“Over-expanding” in an effort to compete inside of a crowded Chinese shoe market has resulted in a sharp overall downturn for China’s athletic apparel industry.
The expansion of Chinese athletic apparel brands has been an easy trend to spot for basketball fans both in the United States and in China. Over the last few summers, there have been a number of high-profile NBA players who have signed lucrative endorsement deals with China-based companies in order to directly tap into the world’s second biggest basketball market. Li Ning has Evan Turner and Baron Davis; Anta has Kevin Garnett and Luis Scola; Peak features Jason Kidd, Shane Battier and JaVale McGee, all of whom have signature shoe lines and television spots.
Adding players, which in turn add credibility, is key for these ambitious brands: With 2.6 billion Chinese feet that can potentially be fitted for sneakers, and an economy that sees consumer spending power rise steadily each year, there’s a lot of money to potentially be made. Competition between Chinese shoe companies is thus quite fierce and to gain an edge, brands have expanded aggressively. In China, companies have been opening hosts of new retail locations and filling them to the brim with merchandise. In the United States, Li Ning opened its first store outside Asia in Portland, Oregon in 2010, and quickly tripled in size after an encouraging start. Peak has a U.S.-based headquarters in Los Angeles, and has an online shop for American customers to buy their products.
But, instead of one company separating itself from the rest, it appears as if the entire industry is headed for a bust due to over-spending and over-stretching its means. According to a report published yesterday by MarketWatch, experts are seeing a rocky future for Li Ning, Anta and Peak, as well as a host of other smaller companies, whose rapid expansion “is beginning to cause cannibalization of sales and [a] price war,” according to UOB KayHian analyst Ken Lee.
Lee goes on to explain what went wrong:
The problem, Lee said, can be traced back to the initial-public-offering boom in Hong Kong during recent years, when mainland Chinese consumer-related themes were able to raise funds easily to fuel ambitious growth plans.
For example, Peak Sport Products Co. HK:1968 +1.54%PSPRF +5.46% — which signed U.S. basketball star Jason Kidd and other top athletes to represent its line of apparel — was able to raise $224 million in a September 2009 listing, pledging to use the funds for product development and to expand its retail sales network in China.
Likewise, apparel group 361 Degrees International HK:1361 -1.84%TSIOF -1.85% was able to raise $231 million as part of its offer, which debuted in June 2009. Promoters said the company would benefit from sportswear spending, expected to rise at a 30% annualized rate for years.
But what followed, says Lee, was a retailing arms race that outpaced consumer spending power.

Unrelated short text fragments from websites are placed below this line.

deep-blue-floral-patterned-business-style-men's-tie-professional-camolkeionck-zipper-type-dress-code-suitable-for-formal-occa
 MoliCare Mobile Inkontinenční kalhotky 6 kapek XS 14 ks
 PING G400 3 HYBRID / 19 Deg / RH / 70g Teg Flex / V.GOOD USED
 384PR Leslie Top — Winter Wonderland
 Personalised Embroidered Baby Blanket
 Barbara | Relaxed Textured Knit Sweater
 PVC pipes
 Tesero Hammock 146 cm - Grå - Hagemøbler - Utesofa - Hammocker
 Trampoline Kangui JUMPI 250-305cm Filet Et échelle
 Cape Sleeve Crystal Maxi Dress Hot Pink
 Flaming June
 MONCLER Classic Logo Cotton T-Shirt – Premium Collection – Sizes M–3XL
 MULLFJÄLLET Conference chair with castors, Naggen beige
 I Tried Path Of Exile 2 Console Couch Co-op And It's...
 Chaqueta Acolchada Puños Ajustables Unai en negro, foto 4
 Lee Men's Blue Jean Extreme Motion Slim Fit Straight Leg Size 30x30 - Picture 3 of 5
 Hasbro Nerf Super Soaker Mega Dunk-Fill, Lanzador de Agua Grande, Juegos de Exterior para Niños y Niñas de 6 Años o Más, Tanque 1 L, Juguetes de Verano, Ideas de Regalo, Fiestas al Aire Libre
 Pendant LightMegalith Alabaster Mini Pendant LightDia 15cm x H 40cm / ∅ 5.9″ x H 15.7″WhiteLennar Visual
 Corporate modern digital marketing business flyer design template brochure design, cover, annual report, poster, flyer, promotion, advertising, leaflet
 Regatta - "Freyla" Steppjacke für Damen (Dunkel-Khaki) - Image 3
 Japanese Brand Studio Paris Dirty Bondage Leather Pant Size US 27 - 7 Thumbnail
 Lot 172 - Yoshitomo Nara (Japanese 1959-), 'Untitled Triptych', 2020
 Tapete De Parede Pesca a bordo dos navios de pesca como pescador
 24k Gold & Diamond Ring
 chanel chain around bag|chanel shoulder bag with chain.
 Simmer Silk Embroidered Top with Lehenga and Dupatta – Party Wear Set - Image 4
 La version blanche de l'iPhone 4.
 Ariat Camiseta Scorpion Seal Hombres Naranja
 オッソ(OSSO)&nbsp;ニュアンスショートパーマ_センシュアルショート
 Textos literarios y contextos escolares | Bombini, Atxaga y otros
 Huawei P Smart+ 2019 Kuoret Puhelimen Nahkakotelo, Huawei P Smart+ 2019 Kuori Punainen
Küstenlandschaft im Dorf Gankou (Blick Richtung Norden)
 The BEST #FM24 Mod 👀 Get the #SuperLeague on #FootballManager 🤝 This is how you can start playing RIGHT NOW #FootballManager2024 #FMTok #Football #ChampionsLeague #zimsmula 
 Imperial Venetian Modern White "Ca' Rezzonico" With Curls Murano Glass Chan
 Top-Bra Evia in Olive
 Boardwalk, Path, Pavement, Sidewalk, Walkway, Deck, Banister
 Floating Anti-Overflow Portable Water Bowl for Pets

The news comes on the heels of Li Ning’s disappointing sales in the U.S. after two quarters. Adding to the grey weather, plans to hook up with Champs Sports, which would have given the company a long reach into the American market, have been squashed.
In our humble (and rather basic, we don’t pretend to be market experts) opinion though, there is still some optimism for Chinese sneakers. According to the report, Chinese spending power has increased 30% for the last several years. That’s an important aspect to keep in mind here: spending power will keep going up, which means the potential market is only going to get bigger and bigger. As a high up American shoe company executive once told me, the race for Chinese feet is being set-up to be won five years from now. This could be a permanent thing, but it could also just be capitalistic Darwinism — a survival of the fittest that is to be eventually won later this decade.
Though the news short-term may not be so rosy for companies, there is good news for consumers — huge, huge sales.
A recent visit to some of these stores revealed product markdowns of 50% to 90%, or even two-for-one promotions on summer wear.
“We have never seen such deep and prevalent discounting,” said Lee, whose retail survey in June took him to six cities around the Chinese mainland.
If it weren’t for our size 13 feet, we’d be all over it. Maybe in five years, one of these brands will get some bigger shoes in their Beijing stores.